DATA FOR THE TASK below:
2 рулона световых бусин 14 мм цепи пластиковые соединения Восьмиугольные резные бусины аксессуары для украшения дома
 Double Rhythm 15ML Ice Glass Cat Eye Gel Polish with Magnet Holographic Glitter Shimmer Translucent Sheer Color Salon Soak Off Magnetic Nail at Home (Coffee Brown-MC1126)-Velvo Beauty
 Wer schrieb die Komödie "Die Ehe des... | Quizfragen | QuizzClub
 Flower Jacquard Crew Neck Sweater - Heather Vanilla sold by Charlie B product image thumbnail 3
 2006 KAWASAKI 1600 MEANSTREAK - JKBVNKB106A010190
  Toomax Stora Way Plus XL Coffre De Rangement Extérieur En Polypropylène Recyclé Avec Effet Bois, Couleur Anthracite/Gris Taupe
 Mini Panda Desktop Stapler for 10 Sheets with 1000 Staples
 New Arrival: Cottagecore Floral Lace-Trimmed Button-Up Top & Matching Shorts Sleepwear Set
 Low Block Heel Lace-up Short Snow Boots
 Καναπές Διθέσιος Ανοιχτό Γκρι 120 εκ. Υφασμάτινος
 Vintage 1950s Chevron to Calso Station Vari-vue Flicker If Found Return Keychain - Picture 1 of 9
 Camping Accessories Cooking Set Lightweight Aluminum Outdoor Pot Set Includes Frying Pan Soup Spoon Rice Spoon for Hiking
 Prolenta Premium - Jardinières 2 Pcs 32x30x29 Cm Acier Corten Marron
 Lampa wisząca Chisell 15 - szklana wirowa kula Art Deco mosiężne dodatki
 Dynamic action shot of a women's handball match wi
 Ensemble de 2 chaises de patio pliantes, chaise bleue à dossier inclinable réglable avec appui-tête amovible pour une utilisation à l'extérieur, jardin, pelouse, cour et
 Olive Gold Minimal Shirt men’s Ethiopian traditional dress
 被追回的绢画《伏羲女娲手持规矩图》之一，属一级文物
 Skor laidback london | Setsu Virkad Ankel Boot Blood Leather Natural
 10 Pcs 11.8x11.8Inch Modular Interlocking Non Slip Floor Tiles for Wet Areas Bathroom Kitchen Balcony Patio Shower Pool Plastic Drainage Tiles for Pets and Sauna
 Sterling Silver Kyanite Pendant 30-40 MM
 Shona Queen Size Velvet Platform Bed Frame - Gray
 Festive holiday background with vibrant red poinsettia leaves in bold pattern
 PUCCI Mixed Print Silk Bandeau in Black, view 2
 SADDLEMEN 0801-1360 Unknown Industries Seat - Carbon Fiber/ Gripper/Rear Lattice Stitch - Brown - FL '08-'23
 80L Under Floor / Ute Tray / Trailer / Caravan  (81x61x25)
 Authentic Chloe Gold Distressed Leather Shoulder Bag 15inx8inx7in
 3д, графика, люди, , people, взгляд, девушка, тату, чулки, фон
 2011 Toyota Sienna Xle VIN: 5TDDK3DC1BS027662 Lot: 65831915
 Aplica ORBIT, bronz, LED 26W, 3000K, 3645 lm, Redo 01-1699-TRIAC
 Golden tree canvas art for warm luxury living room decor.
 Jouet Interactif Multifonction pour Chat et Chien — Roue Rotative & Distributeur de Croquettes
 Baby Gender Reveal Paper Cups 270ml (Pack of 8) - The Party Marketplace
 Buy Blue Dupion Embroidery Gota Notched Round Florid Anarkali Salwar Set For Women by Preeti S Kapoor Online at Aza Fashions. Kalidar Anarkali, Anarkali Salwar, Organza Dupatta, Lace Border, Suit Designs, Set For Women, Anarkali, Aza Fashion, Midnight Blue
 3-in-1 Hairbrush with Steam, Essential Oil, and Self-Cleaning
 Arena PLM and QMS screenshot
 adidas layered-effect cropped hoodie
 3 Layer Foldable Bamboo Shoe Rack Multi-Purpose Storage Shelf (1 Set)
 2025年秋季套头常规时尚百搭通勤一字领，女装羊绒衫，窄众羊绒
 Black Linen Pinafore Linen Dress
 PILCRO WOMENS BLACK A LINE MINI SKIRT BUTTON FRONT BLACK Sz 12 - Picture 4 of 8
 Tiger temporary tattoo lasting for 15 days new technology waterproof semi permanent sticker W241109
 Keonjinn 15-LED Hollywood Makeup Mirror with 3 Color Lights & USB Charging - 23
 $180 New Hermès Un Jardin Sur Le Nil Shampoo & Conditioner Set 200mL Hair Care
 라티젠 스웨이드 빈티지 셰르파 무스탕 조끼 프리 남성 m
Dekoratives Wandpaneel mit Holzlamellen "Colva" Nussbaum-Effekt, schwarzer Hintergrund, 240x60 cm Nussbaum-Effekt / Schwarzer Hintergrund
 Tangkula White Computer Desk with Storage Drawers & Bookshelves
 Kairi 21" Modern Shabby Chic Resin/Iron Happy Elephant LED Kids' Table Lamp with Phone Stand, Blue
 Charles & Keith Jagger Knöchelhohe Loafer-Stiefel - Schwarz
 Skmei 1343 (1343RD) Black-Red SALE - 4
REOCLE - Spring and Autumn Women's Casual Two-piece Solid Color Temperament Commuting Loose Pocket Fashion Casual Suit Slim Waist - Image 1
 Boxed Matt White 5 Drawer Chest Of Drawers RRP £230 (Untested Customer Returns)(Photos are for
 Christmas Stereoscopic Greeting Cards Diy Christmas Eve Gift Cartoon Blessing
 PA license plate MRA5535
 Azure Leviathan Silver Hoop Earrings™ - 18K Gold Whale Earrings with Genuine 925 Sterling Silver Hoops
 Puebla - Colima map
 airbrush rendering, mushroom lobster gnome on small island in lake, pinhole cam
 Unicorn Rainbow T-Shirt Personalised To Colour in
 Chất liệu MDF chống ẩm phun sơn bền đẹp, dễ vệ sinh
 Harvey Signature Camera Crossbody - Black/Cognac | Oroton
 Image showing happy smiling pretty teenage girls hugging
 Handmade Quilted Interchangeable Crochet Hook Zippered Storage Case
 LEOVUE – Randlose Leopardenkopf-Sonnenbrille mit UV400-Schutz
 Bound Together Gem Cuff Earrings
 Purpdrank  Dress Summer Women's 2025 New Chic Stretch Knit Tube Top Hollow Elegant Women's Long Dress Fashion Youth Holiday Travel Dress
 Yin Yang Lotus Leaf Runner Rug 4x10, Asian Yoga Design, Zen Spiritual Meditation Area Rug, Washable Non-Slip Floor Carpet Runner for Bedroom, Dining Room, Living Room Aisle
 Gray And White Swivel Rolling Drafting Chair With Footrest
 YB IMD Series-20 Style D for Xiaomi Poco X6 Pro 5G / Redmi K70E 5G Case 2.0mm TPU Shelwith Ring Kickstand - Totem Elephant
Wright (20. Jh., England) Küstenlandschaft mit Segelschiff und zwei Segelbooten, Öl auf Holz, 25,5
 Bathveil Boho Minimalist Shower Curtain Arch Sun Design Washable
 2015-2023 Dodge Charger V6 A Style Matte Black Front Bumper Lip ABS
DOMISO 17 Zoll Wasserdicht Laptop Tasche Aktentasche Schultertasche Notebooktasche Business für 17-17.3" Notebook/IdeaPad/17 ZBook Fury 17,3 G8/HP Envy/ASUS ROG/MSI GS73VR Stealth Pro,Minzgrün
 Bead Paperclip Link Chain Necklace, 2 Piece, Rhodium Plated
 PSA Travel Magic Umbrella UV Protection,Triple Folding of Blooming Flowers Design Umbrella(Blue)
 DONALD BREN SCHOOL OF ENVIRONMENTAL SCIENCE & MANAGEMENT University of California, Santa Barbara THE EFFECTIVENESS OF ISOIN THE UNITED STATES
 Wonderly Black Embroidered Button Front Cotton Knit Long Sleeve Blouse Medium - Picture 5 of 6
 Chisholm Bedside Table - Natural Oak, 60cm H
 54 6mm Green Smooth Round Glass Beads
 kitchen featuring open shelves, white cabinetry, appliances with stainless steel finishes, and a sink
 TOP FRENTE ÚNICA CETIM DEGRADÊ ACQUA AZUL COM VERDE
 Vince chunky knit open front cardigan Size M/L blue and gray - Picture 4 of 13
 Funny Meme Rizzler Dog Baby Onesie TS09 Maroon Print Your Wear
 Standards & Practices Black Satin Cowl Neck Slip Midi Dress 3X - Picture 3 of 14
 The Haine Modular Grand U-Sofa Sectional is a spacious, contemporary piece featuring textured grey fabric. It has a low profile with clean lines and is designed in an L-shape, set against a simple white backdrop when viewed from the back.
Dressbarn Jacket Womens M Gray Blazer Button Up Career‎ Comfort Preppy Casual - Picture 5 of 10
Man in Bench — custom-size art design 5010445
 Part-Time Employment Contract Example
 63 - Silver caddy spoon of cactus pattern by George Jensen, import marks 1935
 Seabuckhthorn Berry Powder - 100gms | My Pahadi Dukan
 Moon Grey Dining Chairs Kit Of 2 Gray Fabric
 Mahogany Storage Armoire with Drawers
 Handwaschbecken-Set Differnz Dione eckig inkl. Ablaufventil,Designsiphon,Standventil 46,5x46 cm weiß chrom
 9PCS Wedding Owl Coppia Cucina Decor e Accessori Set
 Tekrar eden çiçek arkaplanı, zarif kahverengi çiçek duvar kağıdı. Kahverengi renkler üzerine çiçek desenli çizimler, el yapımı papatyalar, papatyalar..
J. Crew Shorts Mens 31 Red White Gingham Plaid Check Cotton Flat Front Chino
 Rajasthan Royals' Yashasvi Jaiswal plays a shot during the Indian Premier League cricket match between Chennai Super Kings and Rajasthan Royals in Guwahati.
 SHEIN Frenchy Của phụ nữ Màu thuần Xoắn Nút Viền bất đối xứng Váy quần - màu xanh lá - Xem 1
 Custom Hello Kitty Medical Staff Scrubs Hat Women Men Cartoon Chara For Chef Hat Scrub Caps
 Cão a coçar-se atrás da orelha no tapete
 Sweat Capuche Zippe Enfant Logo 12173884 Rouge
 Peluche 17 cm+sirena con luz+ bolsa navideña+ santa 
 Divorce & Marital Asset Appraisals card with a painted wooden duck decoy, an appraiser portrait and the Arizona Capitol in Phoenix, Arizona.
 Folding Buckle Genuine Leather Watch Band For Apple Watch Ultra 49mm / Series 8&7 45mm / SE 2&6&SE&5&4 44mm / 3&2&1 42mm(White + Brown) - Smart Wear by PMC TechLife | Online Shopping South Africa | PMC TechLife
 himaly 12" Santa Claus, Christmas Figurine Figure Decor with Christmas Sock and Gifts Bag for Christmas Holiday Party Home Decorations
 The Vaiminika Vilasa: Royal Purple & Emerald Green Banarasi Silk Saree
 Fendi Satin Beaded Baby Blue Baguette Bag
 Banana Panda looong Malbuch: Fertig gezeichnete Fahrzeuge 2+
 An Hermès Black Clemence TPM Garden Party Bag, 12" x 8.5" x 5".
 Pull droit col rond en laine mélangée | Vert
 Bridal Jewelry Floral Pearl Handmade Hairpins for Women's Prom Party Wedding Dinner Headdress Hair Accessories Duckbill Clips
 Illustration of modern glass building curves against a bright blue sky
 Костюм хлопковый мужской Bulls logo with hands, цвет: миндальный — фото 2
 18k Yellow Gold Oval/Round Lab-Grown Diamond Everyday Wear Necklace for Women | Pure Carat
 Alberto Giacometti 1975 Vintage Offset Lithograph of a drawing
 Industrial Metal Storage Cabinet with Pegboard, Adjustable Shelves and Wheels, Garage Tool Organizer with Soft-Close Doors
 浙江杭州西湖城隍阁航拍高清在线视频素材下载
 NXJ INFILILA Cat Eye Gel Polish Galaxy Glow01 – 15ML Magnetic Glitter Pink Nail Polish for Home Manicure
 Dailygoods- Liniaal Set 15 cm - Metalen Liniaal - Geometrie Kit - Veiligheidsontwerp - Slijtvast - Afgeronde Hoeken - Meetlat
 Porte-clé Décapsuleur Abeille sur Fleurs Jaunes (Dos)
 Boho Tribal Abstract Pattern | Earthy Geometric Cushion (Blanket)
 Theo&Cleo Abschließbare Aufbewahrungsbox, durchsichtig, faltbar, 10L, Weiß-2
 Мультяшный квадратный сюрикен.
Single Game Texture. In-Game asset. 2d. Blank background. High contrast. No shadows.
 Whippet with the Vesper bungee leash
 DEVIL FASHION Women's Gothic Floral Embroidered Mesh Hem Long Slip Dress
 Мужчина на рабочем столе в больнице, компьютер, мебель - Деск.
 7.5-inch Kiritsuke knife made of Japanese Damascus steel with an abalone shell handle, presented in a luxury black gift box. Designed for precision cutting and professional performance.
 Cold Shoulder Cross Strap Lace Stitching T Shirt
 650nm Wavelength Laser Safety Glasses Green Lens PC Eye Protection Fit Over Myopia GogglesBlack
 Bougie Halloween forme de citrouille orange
End of DATA FOR THE TASK.
- GOAL OF THE EXERCISE -
Please reproduce the lines from the line with "Toomax Stora Way" to the line with "New Arrival: Cottagecore", both ends included, exactly as they appear above.

- TASK RESULT -
  Toomax Stora Way Plus XL Coffre De Rangement Extérieur En Polypropylène Recyclé Avec Effet Bois, Couleur Anthracite/Gris Taupe
 Mini Panda Desktop Stapler for 10 Sheets with 1000 Staples
 New Arrival: Cottagecore Floral Lace-Trimmed Button-Up Top & Matching Shorts Sleepwear Set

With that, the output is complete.